● Required action: Give back exactly the lines from the one holding "Star Wars- Return Of The Jedi poster" to the bottom of the material, both included, and nothing more. No pictures.

● Supplied entries:
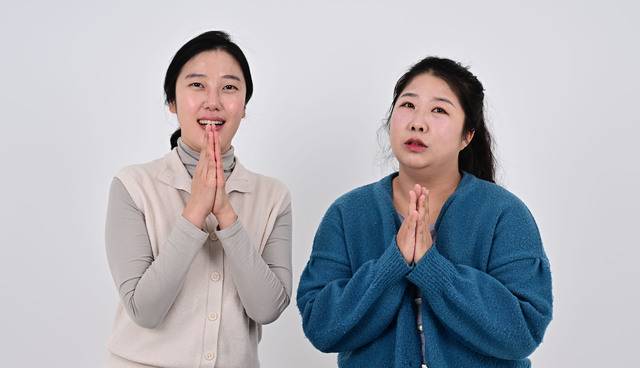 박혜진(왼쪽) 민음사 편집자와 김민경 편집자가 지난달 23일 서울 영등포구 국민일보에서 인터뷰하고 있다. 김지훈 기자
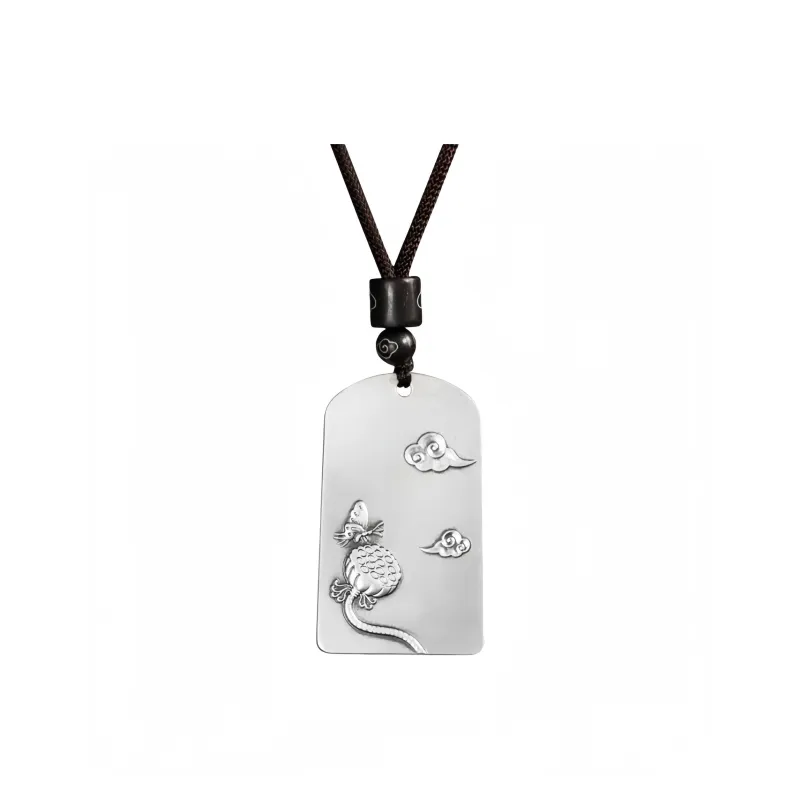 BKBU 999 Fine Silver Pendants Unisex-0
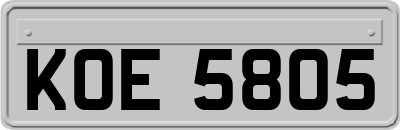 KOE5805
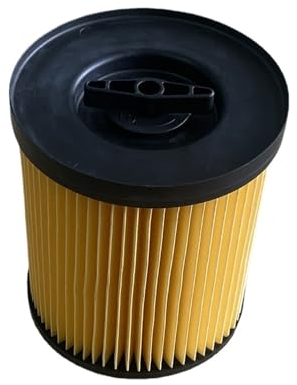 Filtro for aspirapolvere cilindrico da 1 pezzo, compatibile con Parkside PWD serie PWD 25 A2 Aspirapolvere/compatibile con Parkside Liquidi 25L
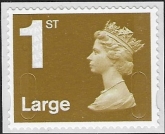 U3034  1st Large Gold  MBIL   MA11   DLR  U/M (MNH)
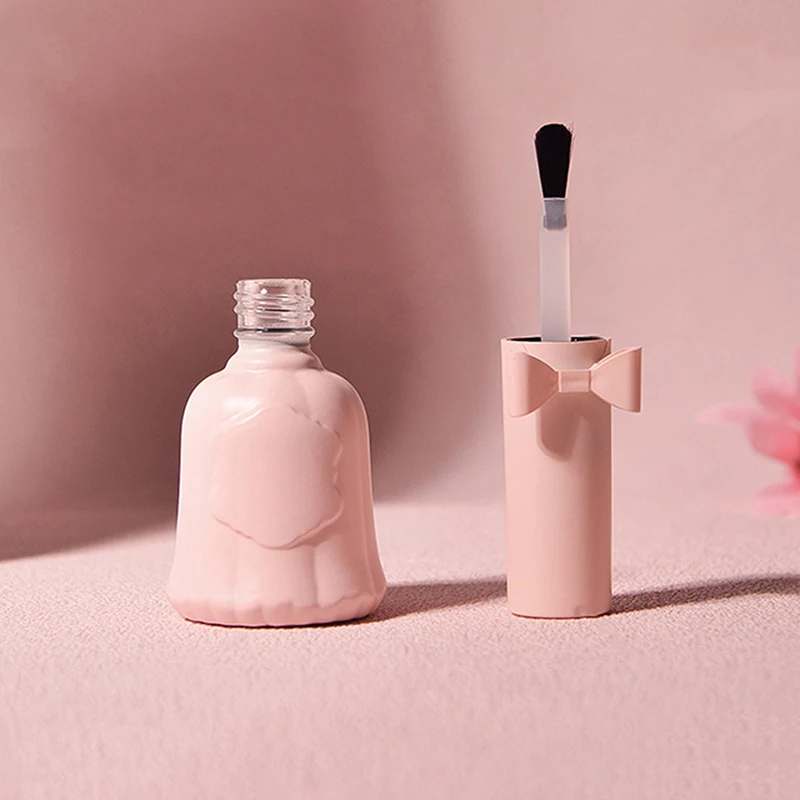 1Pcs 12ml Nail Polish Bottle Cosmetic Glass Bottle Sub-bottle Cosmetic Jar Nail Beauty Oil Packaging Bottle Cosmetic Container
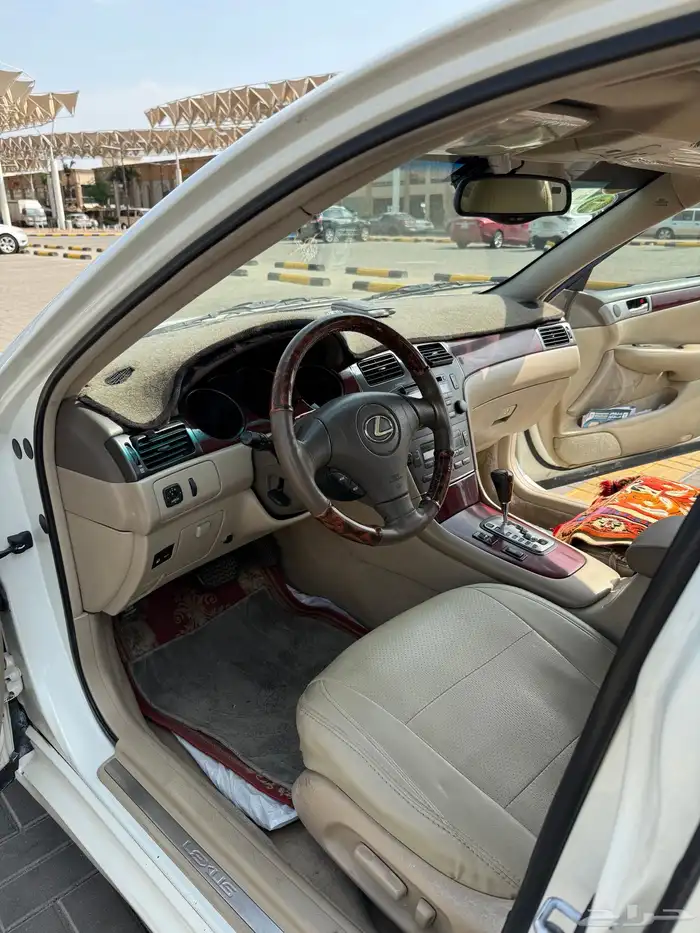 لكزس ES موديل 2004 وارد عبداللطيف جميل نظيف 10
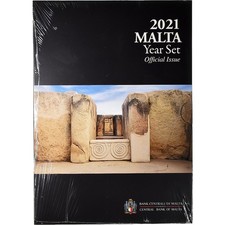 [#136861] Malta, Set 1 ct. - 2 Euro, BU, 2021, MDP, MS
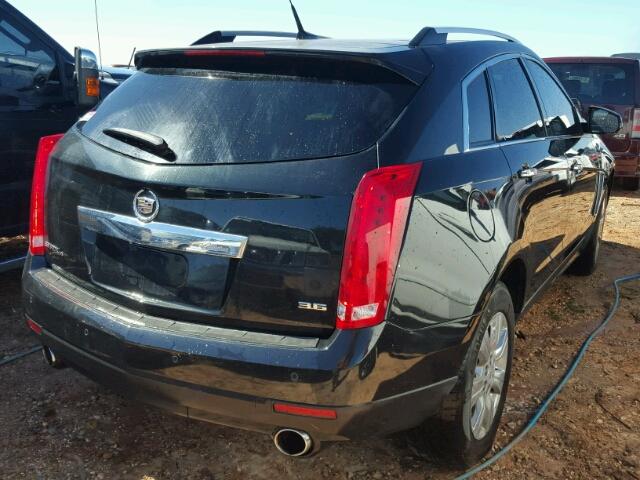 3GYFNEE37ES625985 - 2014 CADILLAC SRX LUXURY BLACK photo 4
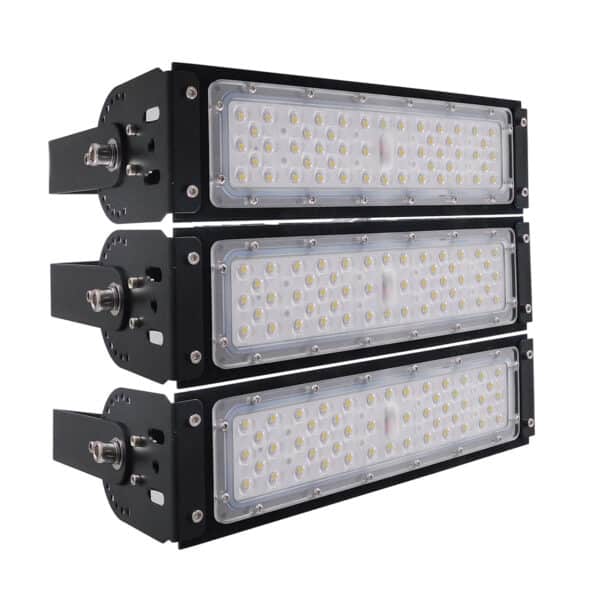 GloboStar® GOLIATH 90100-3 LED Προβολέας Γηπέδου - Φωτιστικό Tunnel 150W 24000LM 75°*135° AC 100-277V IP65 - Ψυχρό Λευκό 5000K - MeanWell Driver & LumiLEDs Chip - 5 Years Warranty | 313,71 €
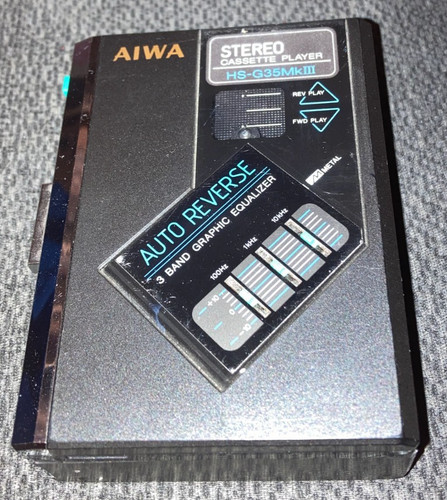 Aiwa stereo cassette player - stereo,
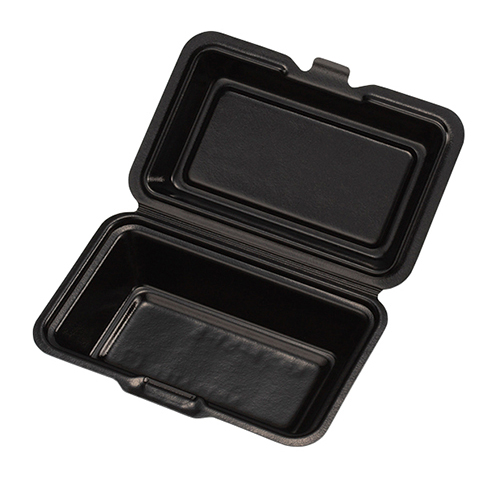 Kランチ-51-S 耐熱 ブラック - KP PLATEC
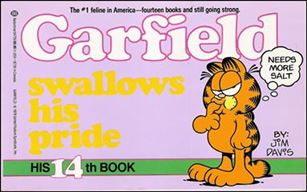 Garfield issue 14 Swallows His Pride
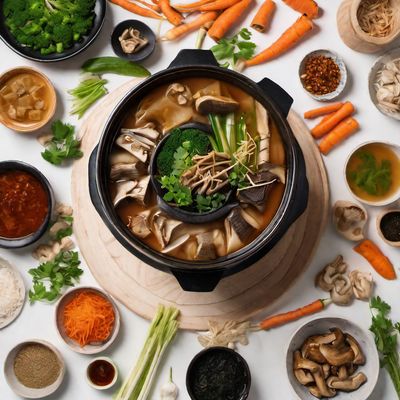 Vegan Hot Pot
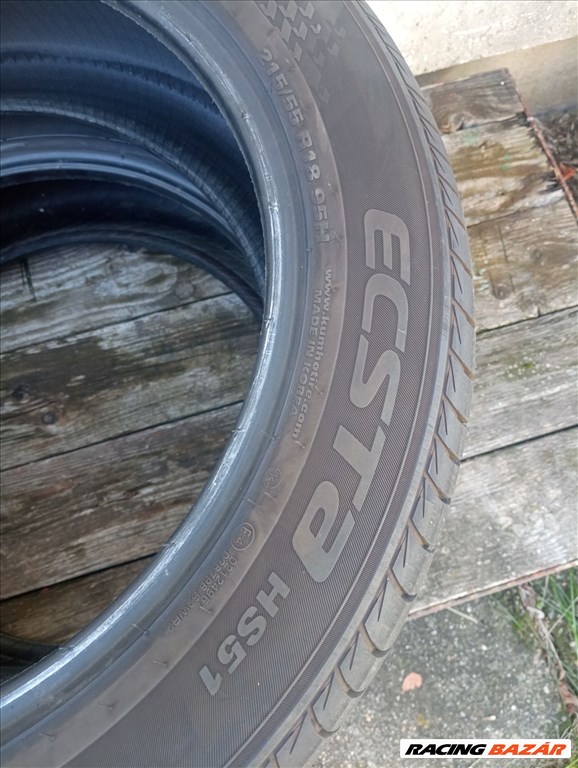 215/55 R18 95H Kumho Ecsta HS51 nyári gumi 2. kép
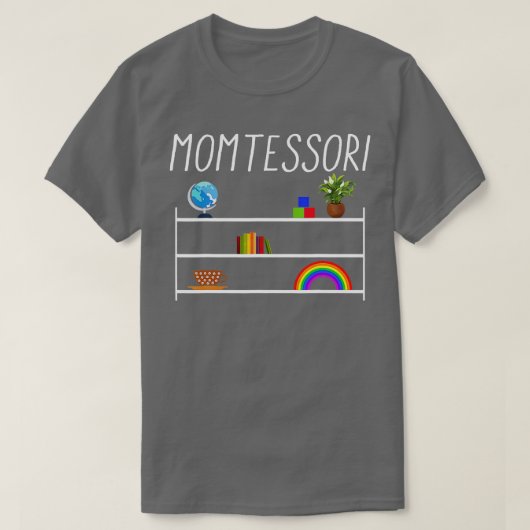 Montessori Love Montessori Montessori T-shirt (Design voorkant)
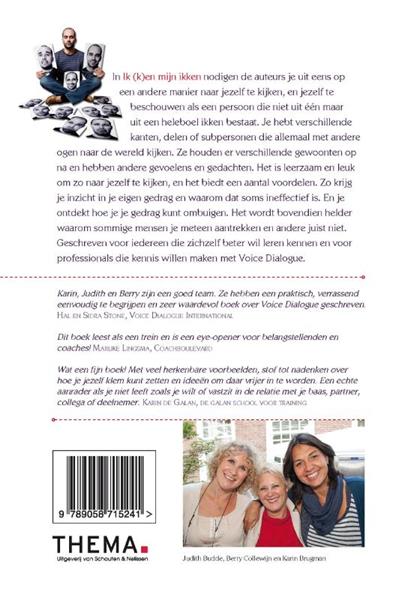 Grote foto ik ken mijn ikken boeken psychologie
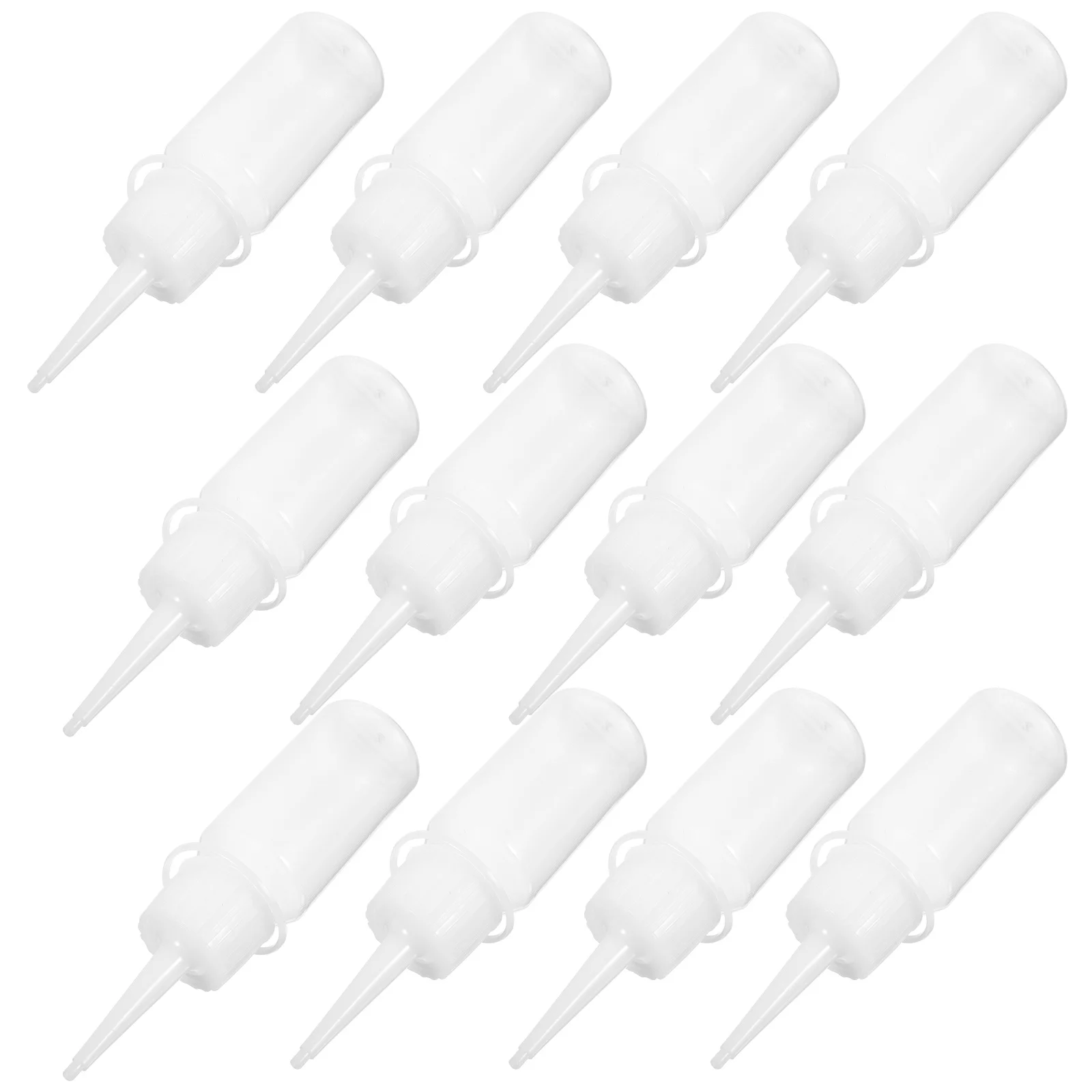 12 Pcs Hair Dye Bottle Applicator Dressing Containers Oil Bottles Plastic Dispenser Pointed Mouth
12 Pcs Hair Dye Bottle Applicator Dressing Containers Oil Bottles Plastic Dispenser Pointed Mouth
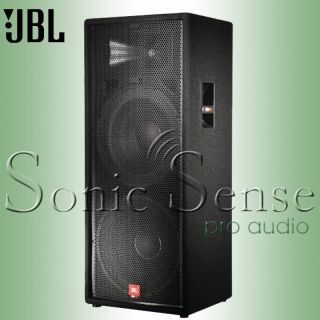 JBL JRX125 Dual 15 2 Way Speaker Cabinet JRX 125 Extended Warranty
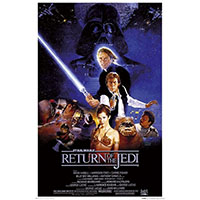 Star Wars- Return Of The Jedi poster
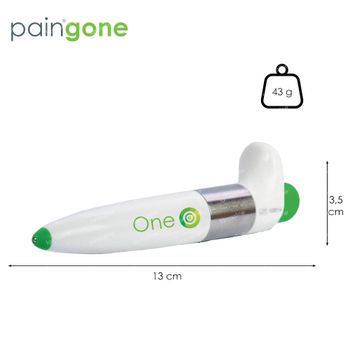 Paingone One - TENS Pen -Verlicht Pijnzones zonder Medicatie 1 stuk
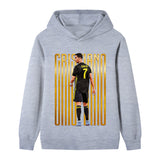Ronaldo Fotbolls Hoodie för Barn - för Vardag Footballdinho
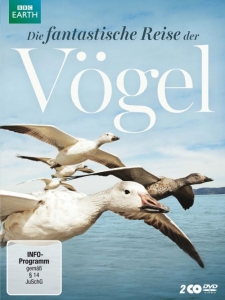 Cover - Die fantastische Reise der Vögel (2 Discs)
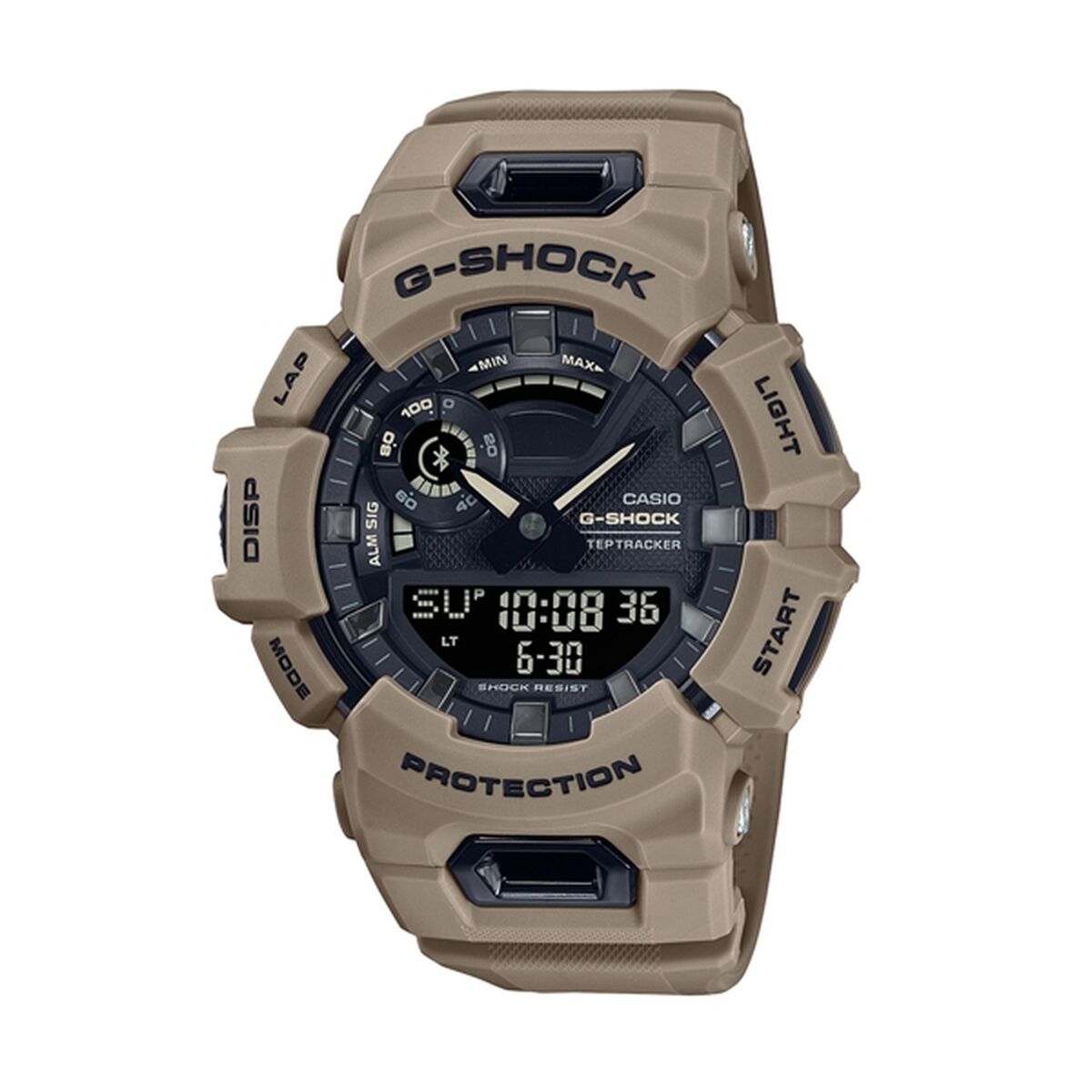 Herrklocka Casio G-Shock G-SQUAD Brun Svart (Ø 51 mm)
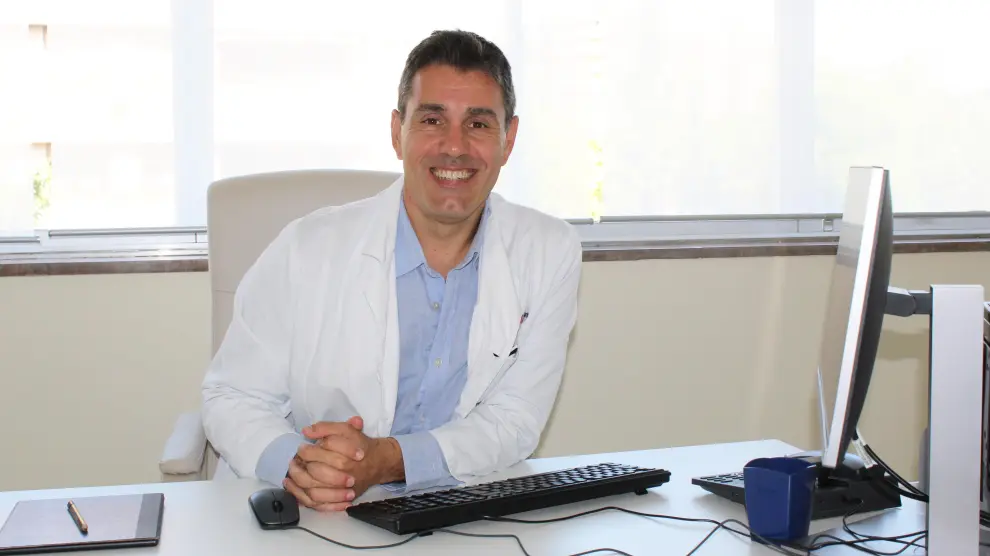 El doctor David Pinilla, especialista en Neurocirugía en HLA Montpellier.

● Response to this task:
 Star Wars- Return Of The Jedi poster
 Paingone One - TENS Pen -Verlicht Pijnzones zonder Medicatie 1 stuk
Ronaldo Fotbolls Hoodie för Barn - för Vardag Footballdinho
 Cover - Die fantastische Reise der Vögel (2 Discs)
 Herrklocka Casio G-Shock G-SQUAD Brun Svart (Ø 51 mm)
 El doctor David Pinilla, especialista en Neurocirugía en HLA Montpellier.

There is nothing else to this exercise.